Whilst united against gay marriage and adoption, the movement is divided over civil union. One of the defining issues which has led the more staunchly conservative elements to form Francais Printemps (French Spring – in reference to the Arab Spring of 2011).

Manif Pour Tous – Protests for All

The lead up and ratification of the law allowing gay couples to marry and adopt has seen opposition to the protests from conservatives, traditionalists, Catholics and nationalists on the streets of Paris and regional centres. They have marched in their hundreds of thousands.

The numbers for last Sunday’s protest are contested with the government claiming 150,000, whilst the organisers claim 1,000,000.

The Independent suggests around 400,000. Whatever the exact number they are vast. It’s not only the numbers but the nature of marchers which make it remarkable, many pushing strollers down the street in a visibly family orientated protest.

The demonstrations have been largely peaceful, though there have been confrontations with the police. The violent hardliners number three to five hundred.

FRANCE FIRST GAY MARRIAGE
France’s first gay marriage was sealed in the southern city of Montpellier despite heated protests across the nation. EPA/Gerard Julien

Another common form of protest is the heckling of government ministers wherever they present. This form of flash protest is designed to keep the issue in the public sphere and ensure no respite for the Partie Socialiste.

Activists of Generation Identitaire, the same ethno-regionalist movement that broke into and demonstrated at the Poitiers Mosque site climbed atop the socialist party HQ, unfurling a banner asking for Hollande’s resignation.

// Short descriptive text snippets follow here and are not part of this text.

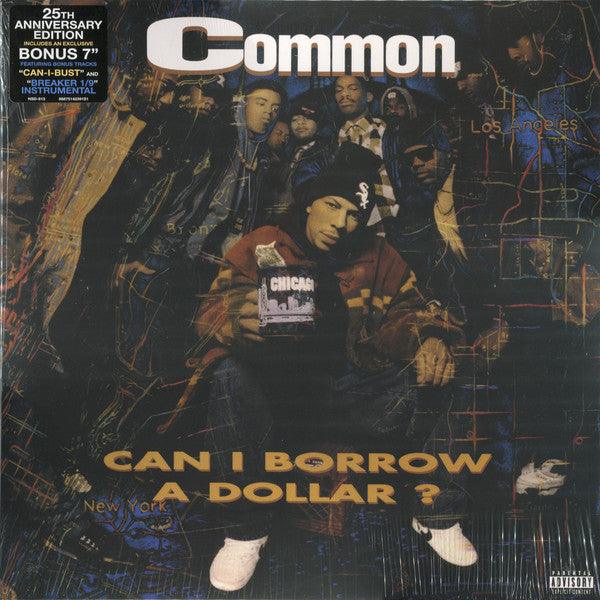 洋楽 Common Can I Borrow A Dollar? Bonus 7\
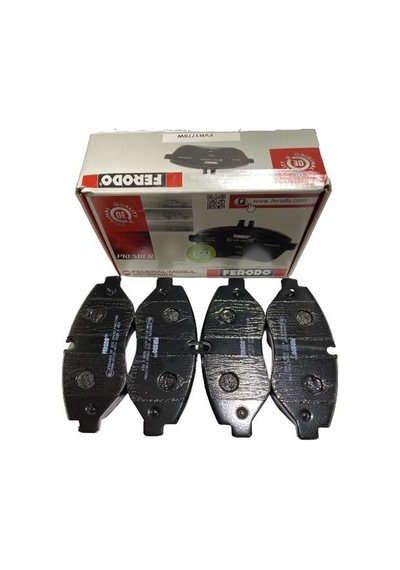 Fren Balatası Ferodo Fvr1778 Sprinter 2006-2014 Crafter 2006-2018 Vito W639 2011-2014 Oem 9064210400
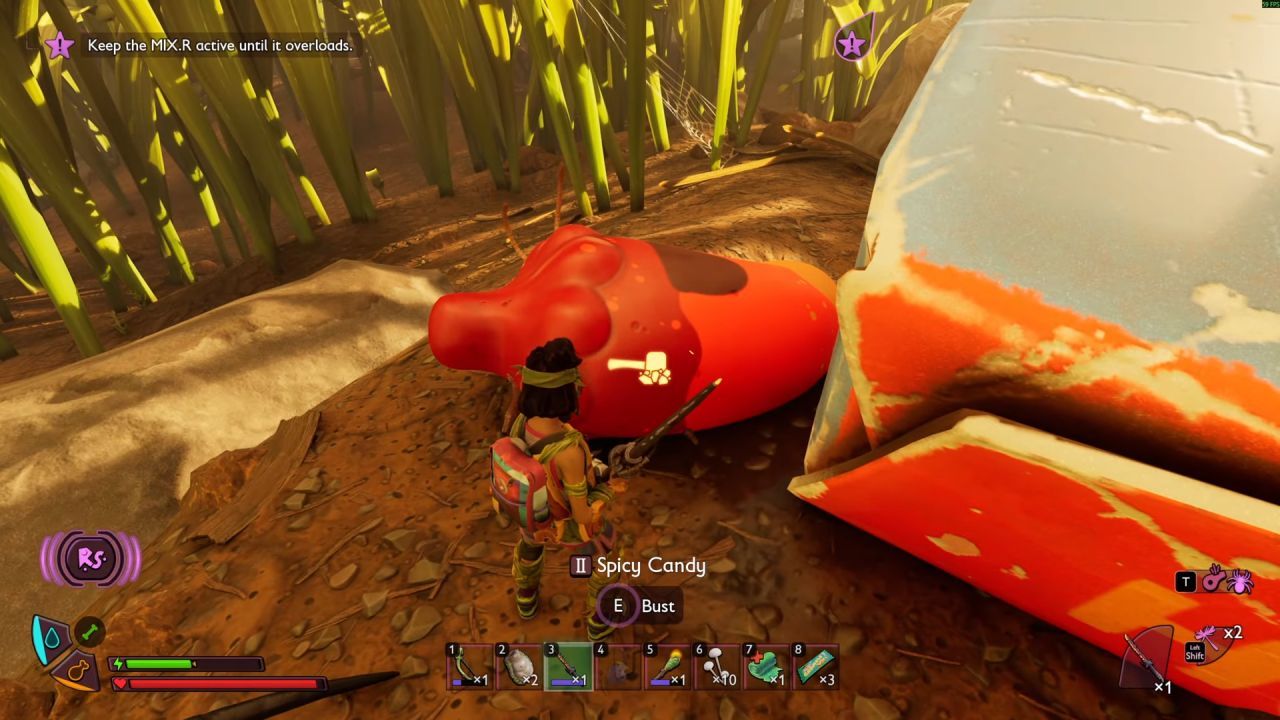 Advanced Spicy Shard Collection Strategies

The most startling individual protest against the law was the death of Dominique Venner. A historian and recipient of an award from the prestigious Academie Francaise, Venner shot himself in Notre Dame Cathedral.

The 78-year-old veteran of the Algerian war and militant nationalist scene left a suicide note in which he described his desire to shock France into a national renaissance. He perceived attacks on the traditional family, mass non-European immigration to be the poison slowly killing French and European civilization.

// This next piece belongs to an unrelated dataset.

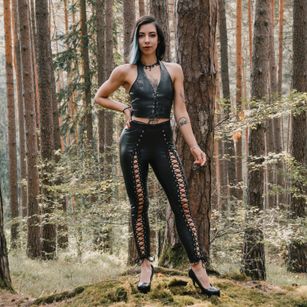 Model - Eve Voss mistress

There have been counter protests by gay advocates and activists from Femen, though significant in number, they haven’t come close to the proportions of Manif Pour Tous.

The Police, the Public and the PS

The first marriage under the new law occurred this week between Vincent Autin and Bruno Boileau. The PS’s minister for women, Najat Vallaud-Belkacem, was in attendance, as were members of the riot police.

The latest polls suggest 53% of voters support the legalization of gay marriage, indicative of the contentious nature of the law.

The issue of gay adoption, more divisive than gay marriage, is yet to be addressed in the parliament.

For many, France, and particularly Paris, symbolizes the urbane, and cosmopolitan. However, there is another France. A conservative, Catholic, regional France: a France deeply embedded in traditions often at odds with social and economic liberalism.

This other France is making itself known, loudly.